Melancon, 31, put together another solid season for the Pirates, leaving the club with 30 saves, a 1.51 ERA, and a 38/9 K/BB ratio in 41 2/3 innings. He led the majors last season with 51 saves and has a 1.80 ERA since joining the Pirates in 2013. Melancon is earning $9.65 million this season and can become eligible for free agency after the season.

With Melancon out of the picture, the Pirates intend to have Tony Watson take over the closer’s role.

Rivero, 25, has handled the seventh and eighth innings for the Nationals this season, compiling a 4.53 ERA and a 53/15 K/BB ratio in 49 2/3 innings. He’s just shy of one year of service time, so the Pirates will have control of him for a long time.

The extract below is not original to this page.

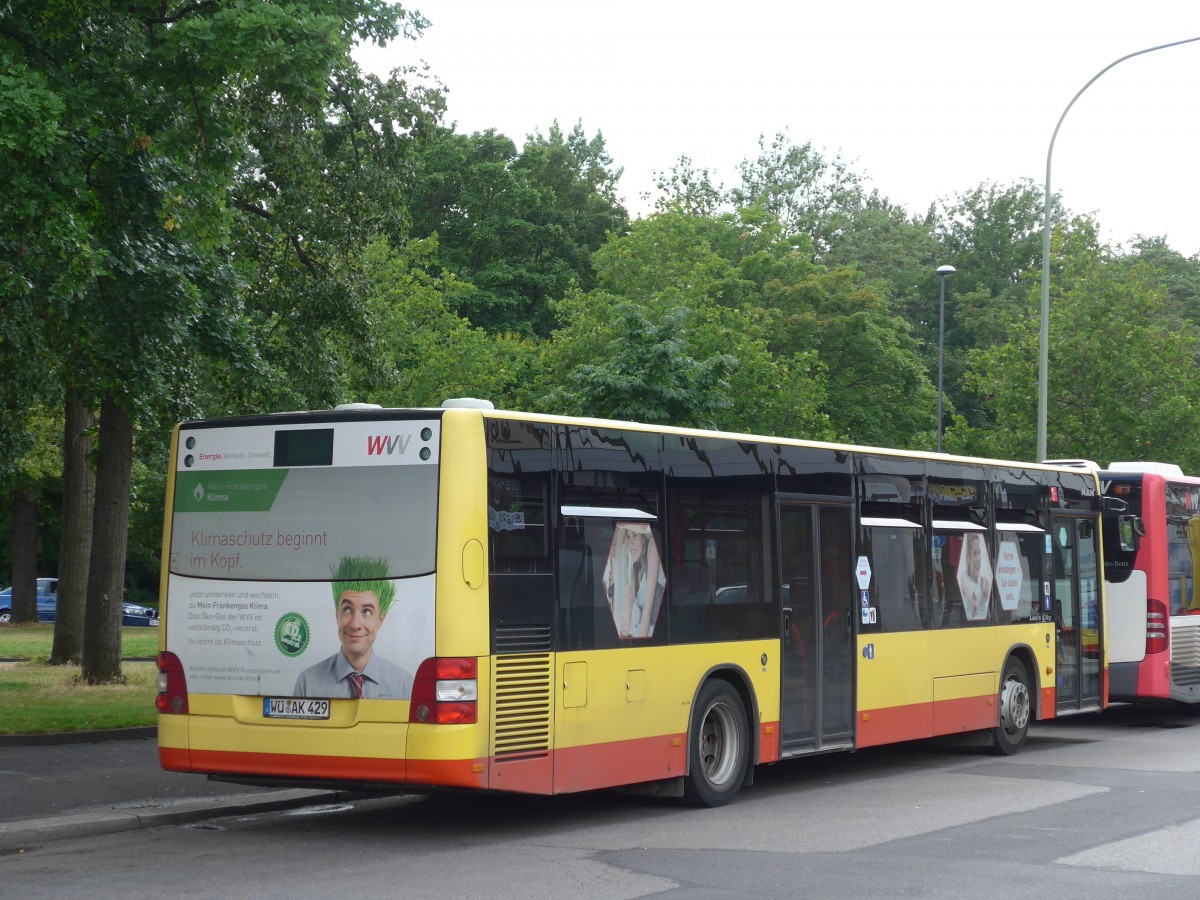 (162'717) - NVG Wrzburg - Nr. 429/W-AK 429 - MAN am 27. Juni 2015 beim Bahnhof Wrzburg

Hearn, 21, was rated the Nationals’ 27th-best prospect by MLB Pipeline. He was originally drafted by the Pirates in the 22nd round of the 2012 draft but he didn’t sign and ended up going back to college. The Nationals took him in the fifth round of last year’s draft. This season, between rookie ball and Single-A Hagerstown, Hearn put up a 2.79 ERA and a 39/13 K/BB ratio in 29 innings. He’s a long way away from the majors, so he’s essentially a lottery ticket for the Pirates.

The Nationals needed an upgrade at closer as Jonathan Papelbon has struggled this season. The right-hander has allowed runs in each of his last three appearances, ballooning his ERA up to 4.41 with a 30/13 K/BB ratio in 32 2/3 innings. It will be interesting to see how Papelbon, who has never made a habit of letting his feelings go unspoken, handles a demotion to the eighth inning.